Segment Start: MATERIAL SUPPLIED

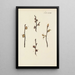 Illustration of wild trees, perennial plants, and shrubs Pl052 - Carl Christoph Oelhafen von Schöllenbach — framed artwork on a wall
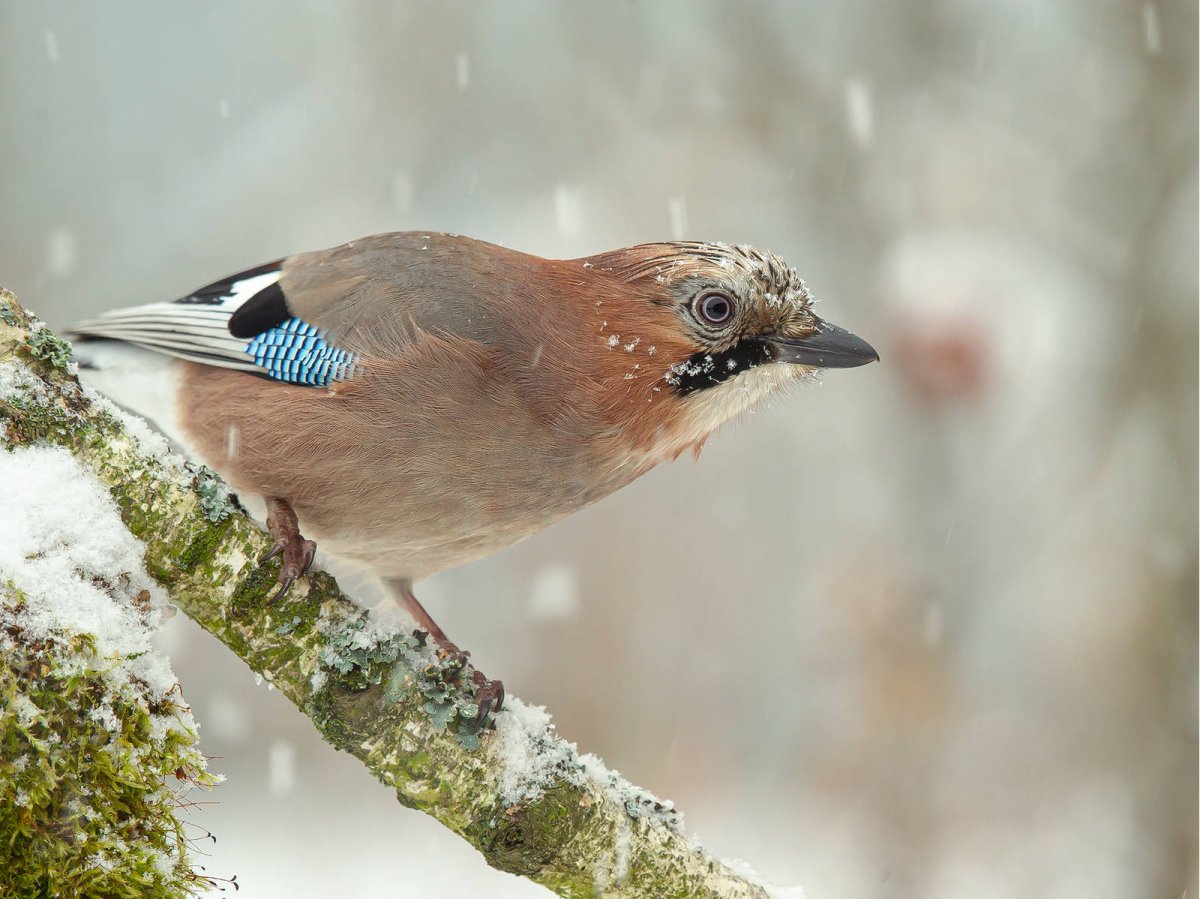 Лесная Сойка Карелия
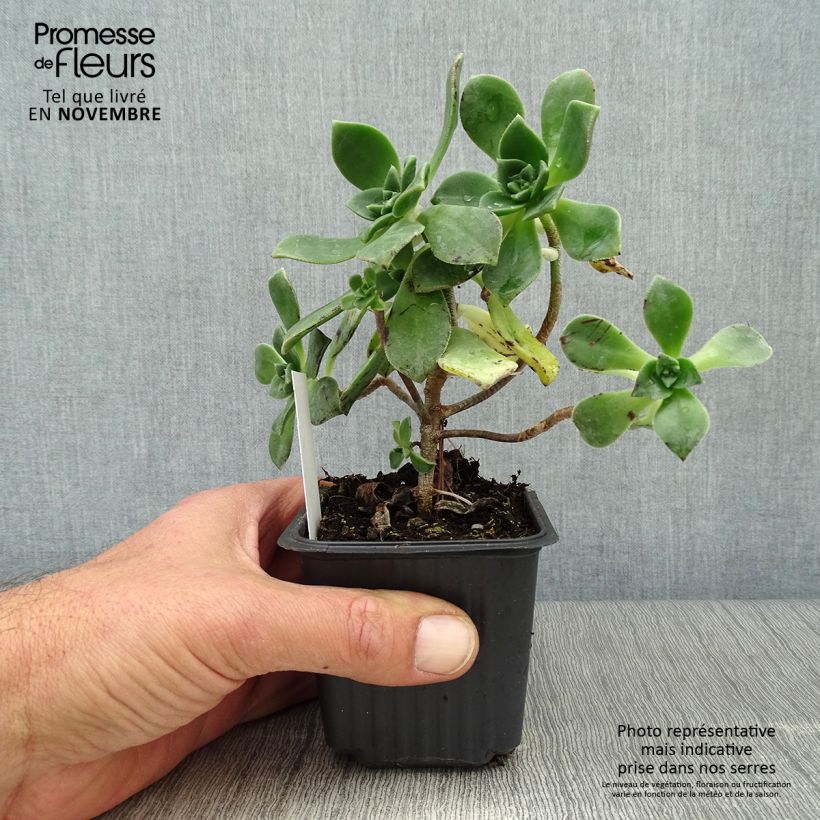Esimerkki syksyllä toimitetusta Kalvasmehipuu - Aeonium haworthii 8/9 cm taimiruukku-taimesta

Segment End: MATERIAL SUPPLIED
Segment Start: MATERIAL SUPPLIED

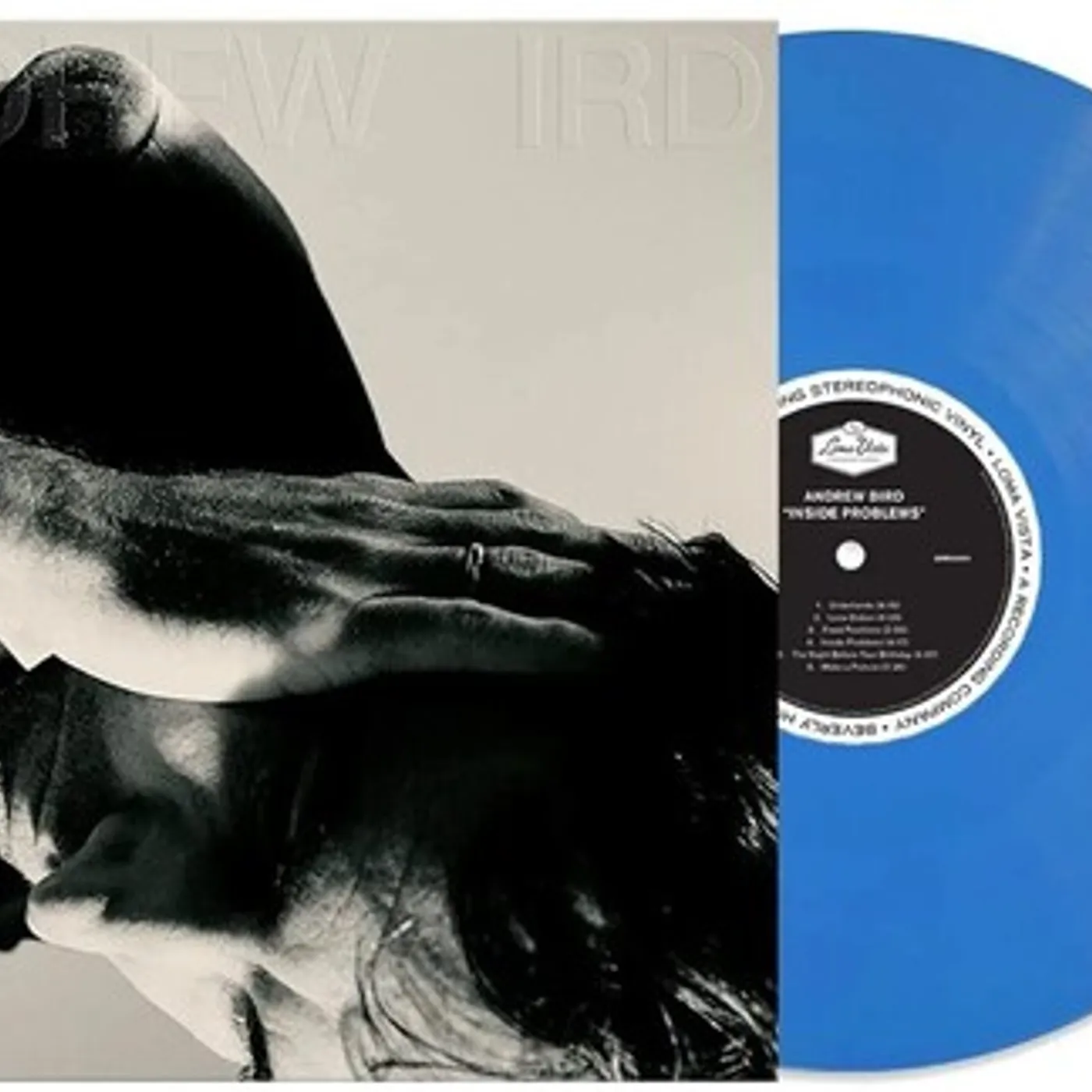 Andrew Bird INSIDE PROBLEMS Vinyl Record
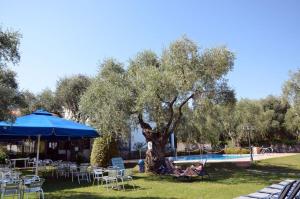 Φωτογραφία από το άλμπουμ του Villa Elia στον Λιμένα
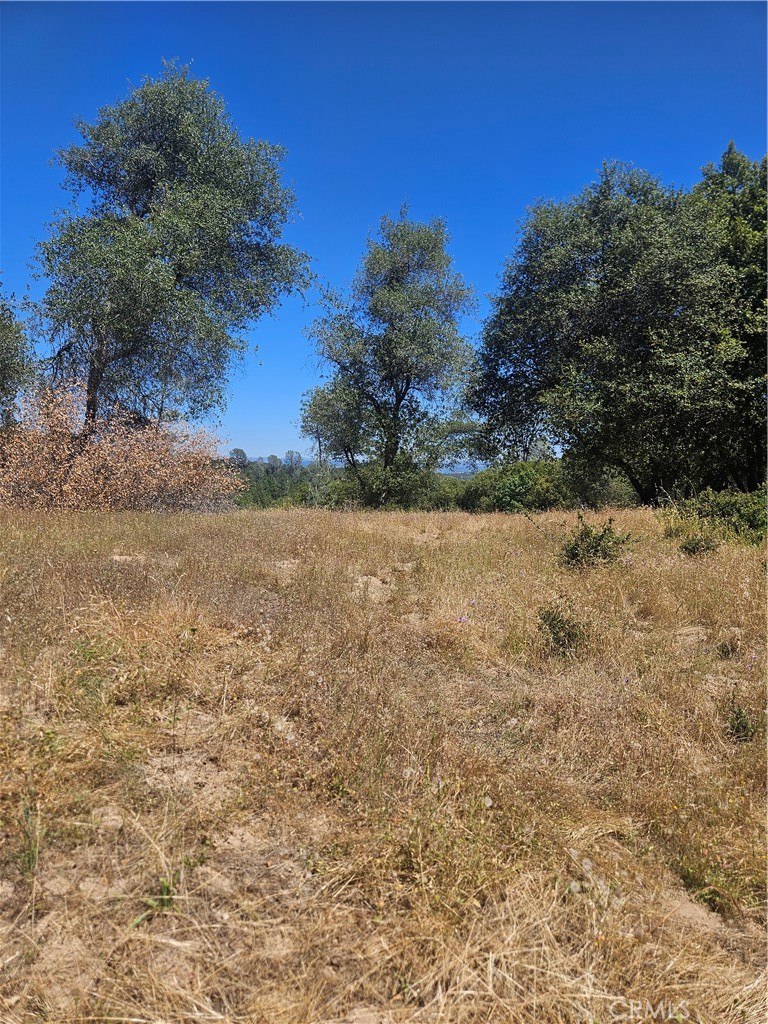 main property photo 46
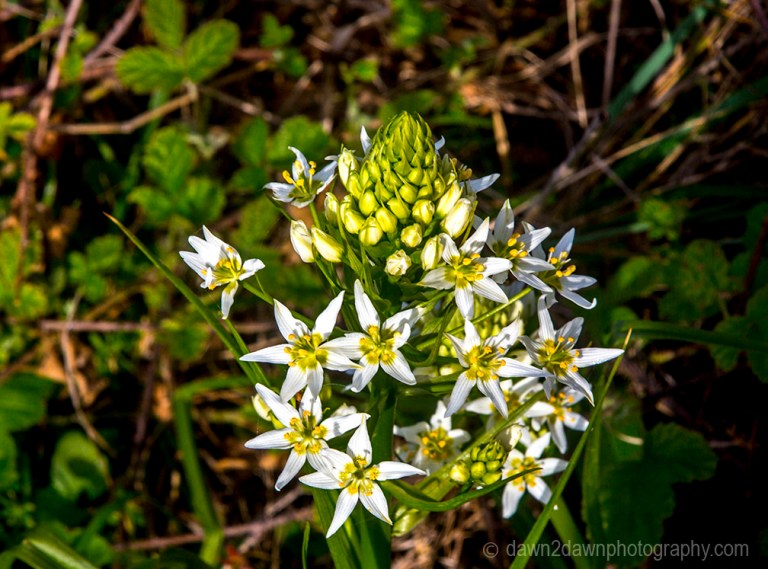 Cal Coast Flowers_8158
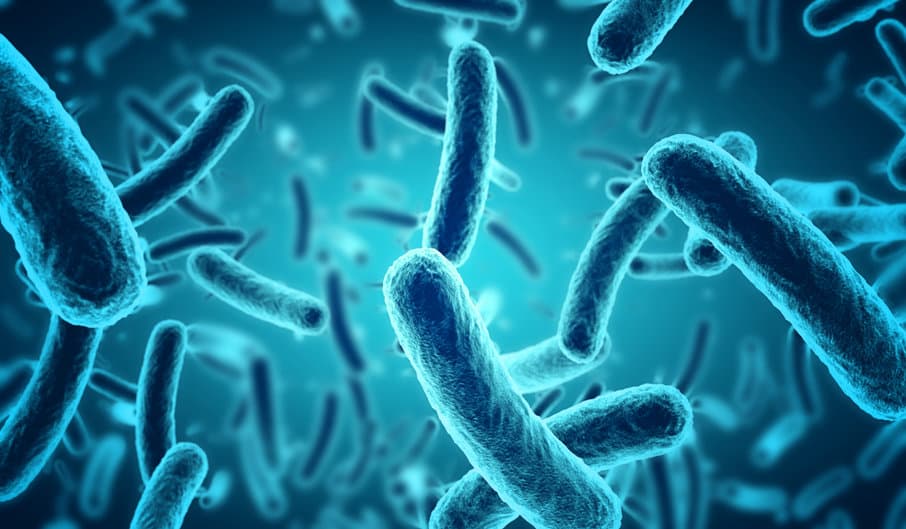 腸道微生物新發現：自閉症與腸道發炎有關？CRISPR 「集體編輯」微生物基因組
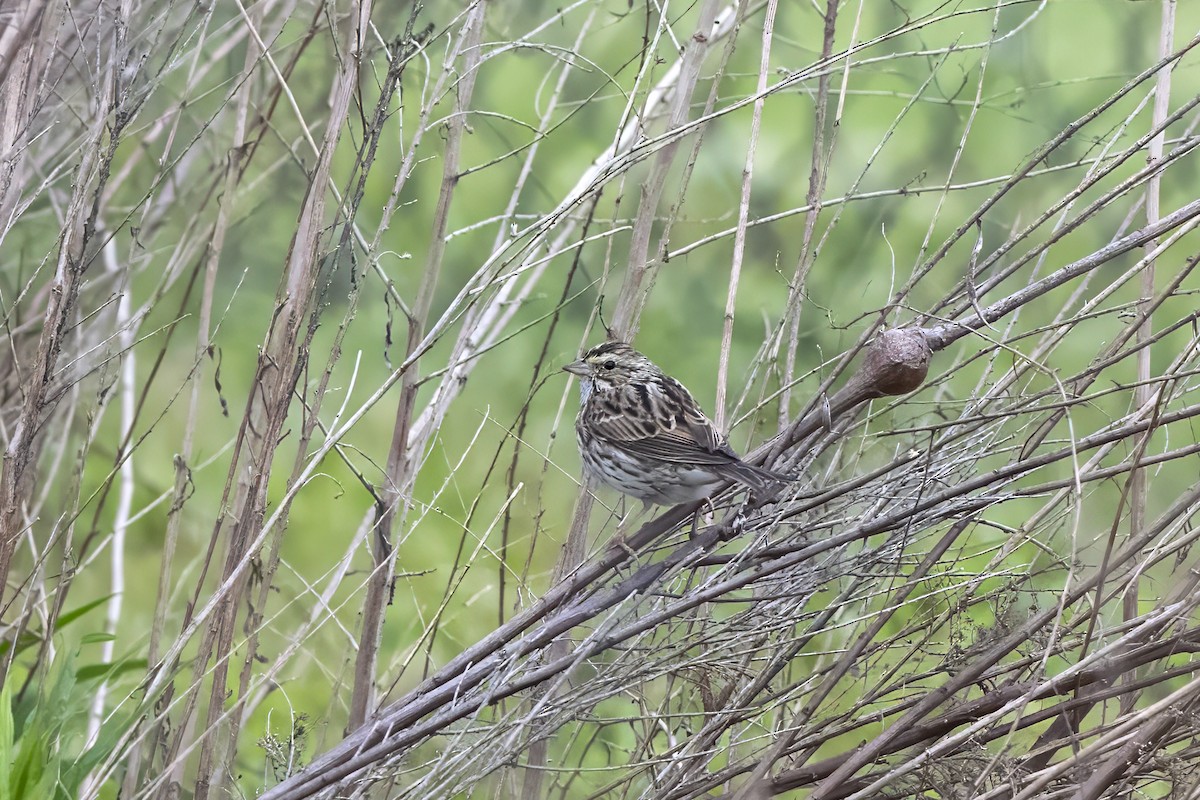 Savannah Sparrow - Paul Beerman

Segment End: MATERIAL SUPPLIED
Segment Start: MATERIAL SUPPLIED

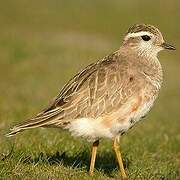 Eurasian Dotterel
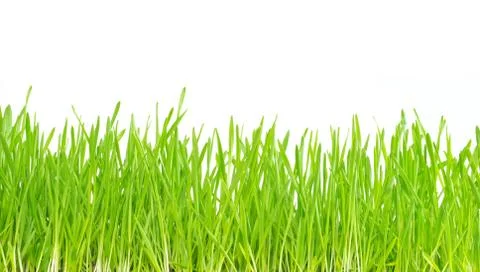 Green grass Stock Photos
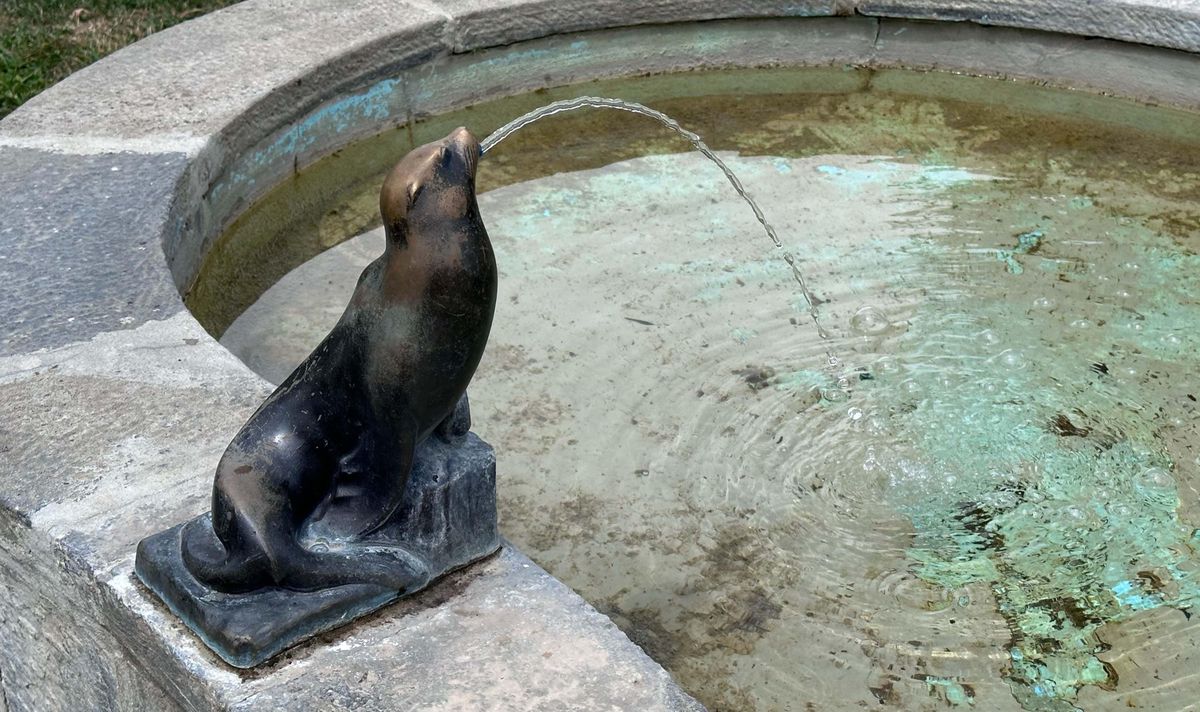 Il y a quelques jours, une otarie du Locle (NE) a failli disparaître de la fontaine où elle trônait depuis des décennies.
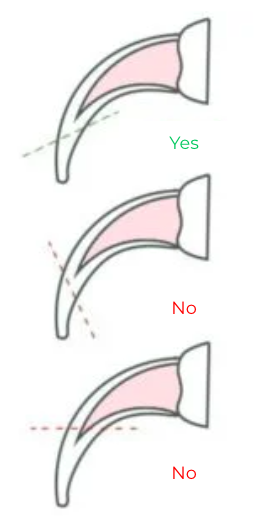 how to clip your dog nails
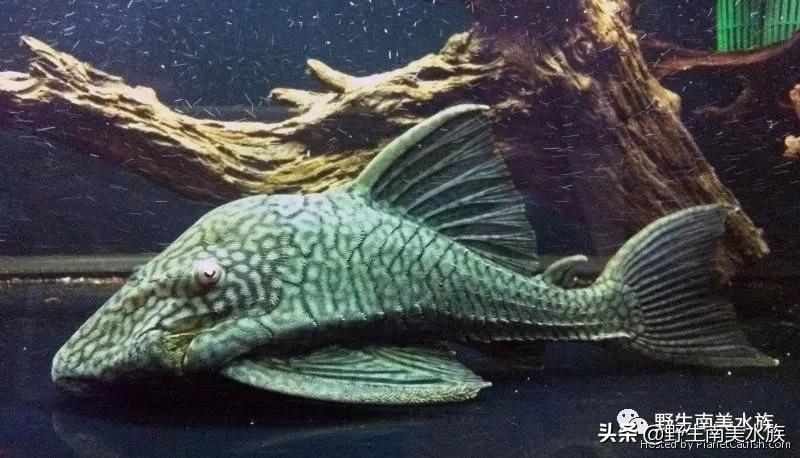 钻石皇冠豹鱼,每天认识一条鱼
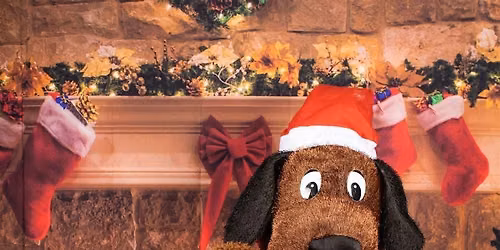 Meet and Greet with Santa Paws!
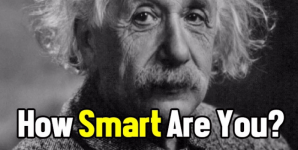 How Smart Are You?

Segment End: MATERIAL SUPPLIED

# [INSTRUCTIONS FOR THE TASK]
Taking the entries above, extract every line from the one bearing "how to clip your dog nails" through the one bearing "How Smart Are You?", exactly, with no pictures.

# [EXERCISE OUTPUT]
 how to clip your dog nails
 钻石皇冠豹鱼,每天认识一条鱼
 Meet and Greet with Santa Paws!
 How Smart Are You?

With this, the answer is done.